WLRX
- Vinton, Virginia; United States;
- Broadcast area: Roanoke metropolitan area
- Frequency: 106.1 MHz (HD Radio)

Programming
- Format: Contemporary Christian music
- Network: K-Love

Ownership
- Owner: Educational Media Foundation

History
- First air date: 1994
- Former call signs: WWFO (1991–1994, CP); WJJS (1994–1996); WJJS-FM (1996–2007); WZBL (2007–2009); WSFF (2009–2019);

Technical information
- Licensing authority: FCC
- Facility ID: 41635
- Class: A
- ERP: 6,000 watts
- HAAT: 29 meters (95 ft)
- Transmitter coordinates: 37°17′3.5″N 79°59′13.1″W﻿ / ﻿37.284306°N 79.986972°W

Links
- Public license information: Public file; LMS;
- Webcast: Listen live
- Website: www.klove.com

= WLRX (FM) =

WLRX (106.1 FM) is a radio station licensed to Vinton, Virginia, United States, It transmits K-Love, a national contemporary Christian music network, to the Roanoke area and is owned by the Educational Media Foundation (EMF).

This station began broadcasting in 1994 and in its entire history until being sold to EMF in 2019 was used in a simulcast capacity with stations in Lynchburg. It was originally owned by Michael Scott Copeland but was leased by Virginia Network, owner of urban contemporary–formatted WJJS (101.7 FM) in Lynchburg, to extend its signal into the Roanoke area. The pair were known as WJJS and WJJX between 1996 and 2007.

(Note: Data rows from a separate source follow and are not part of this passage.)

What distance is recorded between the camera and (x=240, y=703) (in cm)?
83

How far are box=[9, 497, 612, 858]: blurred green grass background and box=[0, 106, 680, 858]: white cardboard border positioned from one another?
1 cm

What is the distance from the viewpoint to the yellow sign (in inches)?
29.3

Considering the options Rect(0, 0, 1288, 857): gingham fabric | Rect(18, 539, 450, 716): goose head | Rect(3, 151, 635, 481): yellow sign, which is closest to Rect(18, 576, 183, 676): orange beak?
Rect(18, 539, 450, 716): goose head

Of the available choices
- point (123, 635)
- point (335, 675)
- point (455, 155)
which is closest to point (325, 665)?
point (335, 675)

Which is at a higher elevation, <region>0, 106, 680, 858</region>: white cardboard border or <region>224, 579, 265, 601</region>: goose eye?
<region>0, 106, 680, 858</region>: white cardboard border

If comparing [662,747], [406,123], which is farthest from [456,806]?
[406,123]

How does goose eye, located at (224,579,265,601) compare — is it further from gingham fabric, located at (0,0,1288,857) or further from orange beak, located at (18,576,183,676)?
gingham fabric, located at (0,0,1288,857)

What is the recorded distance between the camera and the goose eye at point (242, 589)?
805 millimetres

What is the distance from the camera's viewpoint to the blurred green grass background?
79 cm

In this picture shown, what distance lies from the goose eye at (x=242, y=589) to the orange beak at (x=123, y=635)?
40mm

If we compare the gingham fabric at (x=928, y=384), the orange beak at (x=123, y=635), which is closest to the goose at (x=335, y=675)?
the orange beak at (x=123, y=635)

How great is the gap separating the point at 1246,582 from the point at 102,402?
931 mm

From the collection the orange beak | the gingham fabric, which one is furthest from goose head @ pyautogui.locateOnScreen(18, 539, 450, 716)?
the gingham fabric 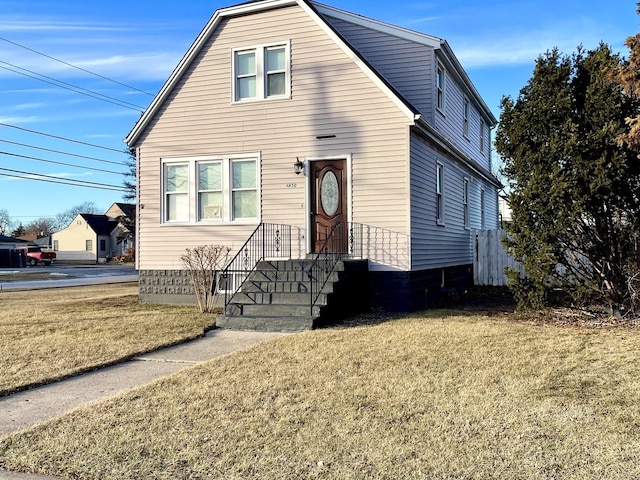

The simulcast of WJJS and WJJX was broken up between 2007 and 2011, at a time when then-owner Clear Channel Communications was forced to put some of its stations in a divestiture trust. During that time, the 106.1 frequency became a classic country–formatted station, WZBL "The Bull". The Bull was dropped in 2009, when Clear Channel—later known as iHeartMedia—relaunched 106.1 as an adult hits station, WSFF "Steve FM". In 2019, the two stations were sold out of the trust to the Educational Media Foundation and integrated into its national Christian music networks.

==History==
===As a commercial station===
In May 1990, the Federal Communications Commission (FCC) designated for comparative hearing the applications of Michael Scott Copeland and four other groups seeking to a build a radio station broadcasting on 106.1 MHz from Vinton, Virginia. Copeland's application, which was filed in April 1988, was granted on November 8 of that year.

Copeland still owned the station, with the call sign WWFO, by 1994, but it was unbuilt. Virginia Network, the owner of WJJS (101.7 FM) in Lynchburg, sought to rebroadcast that station into the Roanoke area and reached a deal to lease WWFO from Copeland. The new station would be built on the tower shared with Virginia Network's Roanoke-market WLDJ. WJJS was on the air by May 1994. The two stations broadcast as "Jammin' 106 and Jammin' 101.7".

Cavalier Communications bought the Virginia Network cluster in 1996. The WJJS–WJJX pair were the second-most-listened-to station in the Roanoke–Lynchburg market when Capstar Broadcasting Partners acquired the Cavalier cluster in 1997. Capstar merged with Chancellor Broadcasting to form AMFM in 1998, and Clear Channel Communications acquired AMFM in 1999.

Between 2007 and 2011, Clear Channel broke up the pairing of 106.1 and 101.7. At noon on December 17, 2007, it moved the WJJS format to 104.9 MHz in Roanoke and 102.7 MHz in Lynchburg. In turn, 106.1 took on WZBL's classic country format, known as The Bull, and call sign. 106.1 MHz flipped to adult hits as WSFF "Steve FM" at noon on March 27, 2009. At 5:00PM on March 25, 2011, 106.1 was re-paired with 101.7, then known as WSNZ.

===EMF ownership===
Though Clear Channel, later known as iHeartMedia, had been operating the 106.1 Roanoke and 101.7 Lynchburg facilities, it had not owned them since 2008, when Clear Channel was taken private. That required the placement of the facilities into a trust, the Aloha Station Trust, for eventual divestiture. The trust configuration had already been determined when the simulcast changes of 2007 occurred. After 11 years, iHeart announced a divestiture proposal for four of the stations in the trust, including WSNZ and WSFF. They were traded to the Educational Media Foundation, owner of the national K-Love and Air1 networks, along with stations in Georgia and Ohio in exchange for six translators that iHeart programmed but EMF owned.

On May 30, the Steve format moved to 104.9 MHz as WSTV. EMF closed on the acquisition the next day and changed WSFF's call sign to WLRX.